Fiona Hyslop, Cabinet Secretary for Culture, Tourism and External Affairs said:
“The 2016 Year of Innovation, Architecture and Design shone a spotlight on Scotland’s stunning architecture, creative industries and long standing spirit of invention. It has engaged more than a million people in over a hundred events and activities.
“From the launch of the Festival of Architecture, Hinterland, at St Peter’s Seminary in Cardross, also part of the celebration of the centenary of the Royal Incorporation of Architects in Scotland, to the tremendous finale at Light Nights in Dundee, and with so much more besides, the Year has celebrated Scotland’s reputation as an inventive, innovative country. It has been a successful and vivid reminder of our ability to inspire and influence global audiences.”
Malcolm Roughead, Chief Executive of VisitScotland said:
“The 2016 Year of Innovation, Architecture and Design helped raised the profile of Scotland’s flair for creativity and its pioneering spirit which still continues to shape the modern world we live in today.

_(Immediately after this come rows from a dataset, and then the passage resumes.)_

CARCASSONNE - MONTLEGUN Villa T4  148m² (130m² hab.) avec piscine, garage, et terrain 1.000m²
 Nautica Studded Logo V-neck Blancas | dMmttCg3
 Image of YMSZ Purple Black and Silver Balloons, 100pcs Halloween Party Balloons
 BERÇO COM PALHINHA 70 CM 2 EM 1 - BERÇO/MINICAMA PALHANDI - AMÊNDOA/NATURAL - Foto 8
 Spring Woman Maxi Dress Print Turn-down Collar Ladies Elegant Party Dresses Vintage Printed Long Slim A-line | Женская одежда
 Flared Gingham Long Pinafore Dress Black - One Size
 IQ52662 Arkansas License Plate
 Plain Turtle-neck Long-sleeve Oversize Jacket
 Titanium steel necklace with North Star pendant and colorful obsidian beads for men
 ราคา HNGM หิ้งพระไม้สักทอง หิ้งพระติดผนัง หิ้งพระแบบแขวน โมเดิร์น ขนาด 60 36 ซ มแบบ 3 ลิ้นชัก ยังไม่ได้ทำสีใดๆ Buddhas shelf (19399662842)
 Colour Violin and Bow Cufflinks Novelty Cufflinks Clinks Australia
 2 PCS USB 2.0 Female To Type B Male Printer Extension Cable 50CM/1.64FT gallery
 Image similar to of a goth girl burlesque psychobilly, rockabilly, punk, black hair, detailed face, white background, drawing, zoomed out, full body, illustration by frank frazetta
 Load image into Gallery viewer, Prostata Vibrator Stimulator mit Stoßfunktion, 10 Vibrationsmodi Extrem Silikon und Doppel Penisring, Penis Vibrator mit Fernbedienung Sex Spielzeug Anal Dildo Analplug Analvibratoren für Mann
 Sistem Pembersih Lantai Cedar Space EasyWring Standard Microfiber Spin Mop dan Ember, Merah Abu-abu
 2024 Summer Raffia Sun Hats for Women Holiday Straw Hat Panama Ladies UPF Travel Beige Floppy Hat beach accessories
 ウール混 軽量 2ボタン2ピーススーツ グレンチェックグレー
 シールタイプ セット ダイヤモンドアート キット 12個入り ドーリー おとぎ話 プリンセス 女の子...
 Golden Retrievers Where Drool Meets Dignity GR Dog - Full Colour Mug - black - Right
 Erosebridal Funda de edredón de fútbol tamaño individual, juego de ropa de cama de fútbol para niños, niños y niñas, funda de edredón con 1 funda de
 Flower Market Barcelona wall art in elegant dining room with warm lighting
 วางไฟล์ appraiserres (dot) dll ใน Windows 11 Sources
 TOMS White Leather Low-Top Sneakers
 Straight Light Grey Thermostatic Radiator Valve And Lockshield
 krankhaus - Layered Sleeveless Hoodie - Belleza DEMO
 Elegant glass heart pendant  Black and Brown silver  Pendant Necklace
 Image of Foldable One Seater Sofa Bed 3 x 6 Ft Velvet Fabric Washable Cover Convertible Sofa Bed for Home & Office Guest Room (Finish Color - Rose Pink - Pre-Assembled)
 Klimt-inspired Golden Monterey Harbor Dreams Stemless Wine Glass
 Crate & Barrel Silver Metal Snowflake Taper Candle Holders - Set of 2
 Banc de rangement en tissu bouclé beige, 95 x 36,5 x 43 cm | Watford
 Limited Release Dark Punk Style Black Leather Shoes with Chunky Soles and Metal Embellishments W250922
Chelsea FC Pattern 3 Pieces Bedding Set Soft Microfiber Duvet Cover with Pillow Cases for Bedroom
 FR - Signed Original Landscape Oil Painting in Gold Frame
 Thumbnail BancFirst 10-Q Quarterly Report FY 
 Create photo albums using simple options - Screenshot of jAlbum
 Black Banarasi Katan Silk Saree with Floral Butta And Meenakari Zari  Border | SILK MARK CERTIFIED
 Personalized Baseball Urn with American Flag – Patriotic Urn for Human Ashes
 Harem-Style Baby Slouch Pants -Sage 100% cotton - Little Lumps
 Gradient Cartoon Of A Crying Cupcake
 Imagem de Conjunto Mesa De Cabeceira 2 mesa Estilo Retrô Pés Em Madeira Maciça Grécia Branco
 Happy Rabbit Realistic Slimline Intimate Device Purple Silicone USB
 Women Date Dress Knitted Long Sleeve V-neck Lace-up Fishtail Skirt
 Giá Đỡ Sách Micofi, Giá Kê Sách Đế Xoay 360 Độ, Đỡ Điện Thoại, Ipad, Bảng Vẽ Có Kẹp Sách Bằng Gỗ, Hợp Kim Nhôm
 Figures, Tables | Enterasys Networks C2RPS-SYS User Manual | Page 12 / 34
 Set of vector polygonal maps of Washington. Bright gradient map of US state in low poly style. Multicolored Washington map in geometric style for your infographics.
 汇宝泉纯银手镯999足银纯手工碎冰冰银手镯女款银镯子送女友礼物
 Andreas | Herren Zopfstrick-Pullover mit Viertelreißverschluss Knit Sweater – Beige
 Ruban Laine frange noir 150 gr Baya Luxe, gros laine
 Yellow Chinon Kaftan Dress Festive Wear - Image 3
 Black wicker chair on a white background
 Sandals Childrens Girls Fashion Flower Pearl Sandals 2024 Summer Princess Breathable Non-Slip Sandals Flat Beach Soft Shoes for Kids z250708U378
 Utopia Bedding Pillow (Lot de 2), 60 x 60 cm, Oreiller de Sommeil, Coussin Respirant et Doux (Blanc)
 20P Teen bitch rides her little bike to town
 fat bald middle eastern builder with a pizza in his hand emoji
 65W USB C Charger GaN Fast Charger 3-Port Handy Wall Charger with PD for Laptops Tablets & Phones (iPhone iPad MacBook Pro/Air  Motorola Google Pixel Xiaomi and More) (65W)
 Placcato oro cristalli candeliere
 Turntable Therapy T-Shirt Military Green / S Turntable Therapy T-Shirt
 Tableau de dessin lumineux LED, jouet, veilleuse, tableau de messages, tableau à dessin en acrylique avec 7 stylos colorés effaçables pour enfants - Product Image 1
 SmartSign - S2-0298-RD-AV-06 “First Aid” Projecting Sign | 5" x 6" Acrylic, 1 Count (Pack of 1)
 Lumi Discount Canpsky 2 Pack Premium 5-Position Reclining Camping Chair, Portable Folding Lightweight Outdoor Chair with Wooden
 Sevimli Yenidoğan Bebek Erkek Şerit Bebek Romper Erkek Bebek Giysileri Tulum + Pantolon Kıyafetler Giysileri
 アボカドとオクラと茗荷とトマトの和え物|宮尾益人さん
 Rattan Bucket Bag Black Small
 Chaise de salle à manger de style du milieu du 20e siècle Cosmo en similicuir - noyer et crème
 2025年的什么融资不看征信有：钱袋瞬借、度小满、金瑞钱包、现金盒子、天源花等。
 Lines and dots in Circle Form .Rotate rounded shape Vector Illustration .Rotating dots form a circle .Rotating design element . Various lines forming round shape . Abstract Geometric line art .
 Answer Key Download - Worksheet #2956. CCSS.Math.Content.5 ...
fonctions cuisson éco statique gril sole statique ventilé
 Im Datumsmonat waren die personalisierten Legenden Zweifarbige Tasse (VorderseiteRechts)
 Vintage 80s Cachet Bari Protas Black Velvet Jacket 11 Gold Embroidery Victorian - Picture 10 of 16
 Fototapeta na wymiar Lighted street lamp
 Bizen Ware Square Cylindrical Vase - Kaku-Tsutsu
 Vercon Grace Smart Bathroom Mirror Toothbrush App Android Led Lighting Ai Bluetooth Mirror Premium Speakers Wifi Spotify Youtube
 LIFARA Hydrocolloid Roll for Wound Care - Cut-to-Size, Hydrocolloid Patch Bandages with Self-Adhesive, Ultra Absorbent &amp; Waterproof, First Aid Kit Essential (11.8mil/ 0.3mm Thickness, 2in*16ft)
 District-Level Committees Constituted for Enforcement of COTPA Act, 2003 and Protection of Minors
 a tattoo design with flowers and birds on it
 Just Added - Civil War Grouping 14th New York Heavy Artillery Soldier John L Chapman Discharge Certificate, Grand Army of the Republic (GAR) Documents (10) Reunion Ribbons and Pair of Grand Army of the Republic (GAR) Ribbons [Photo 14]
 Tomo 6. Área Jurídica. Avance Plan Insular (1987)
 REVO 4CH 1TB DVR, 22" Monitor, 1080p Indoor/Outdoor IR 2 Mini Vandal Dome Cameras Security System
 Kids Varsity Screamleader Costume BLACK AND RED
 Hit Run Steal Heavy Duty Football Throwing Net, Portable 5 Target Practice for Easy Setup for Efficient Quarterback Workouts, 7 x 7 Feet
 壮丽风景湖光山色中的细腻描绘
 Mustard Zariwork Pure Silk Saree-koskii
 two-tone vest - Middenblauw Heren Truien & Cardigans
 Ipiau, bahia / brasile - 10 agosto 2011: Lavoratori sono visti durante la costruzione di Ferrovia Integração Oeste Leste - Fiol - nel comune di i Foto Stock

“Scotland has a history of rich heritage and culture, however the figure shows that Scotland’s modern edge of contemporary design, bold buildings and world changing innovation has captured the interest of both visitors and locals, who have enjoyed a far-reaching range of events and activity throughout the country.”
Jim MacDonald, Chief Executive of Architecture and Design Scotland said:
"This year has provided us with a fantastic opportunity to reach far and wide to demonstrate the positive impact architecture and design has on people’s lives. Under the banner of Say Hello to Architecture, we have helped make this a year to remember.
“From major exhibitions such as Prospect North to events in communities, our activities reached from Oban to Venice and many, many places in between. In 2016 we engaged with more people than ever before in a celebration of all that is good about Scotland’s buildings and places.”
Cathie Boyd, Artistic Director, Cryptic said:
“Thanks to the wonderful Year of Innovation, Architecture and Design, we were delighted to be able to show Cryptic Associate Artist, Kathy Hinde’s magical 'Luminous Birds' on such a large scale, celebrating iconic Scottish landmarks whilst developing dynamic new partnerships across Dumfries, Dundee, Glasgow and further afield.
“This mesmerising event captured the imaginations of over 30,000 people, combining nature and technology to shine a light on Scotland’s world-renowned built heritage through the beautiful sound and visual aspects of bird flight.”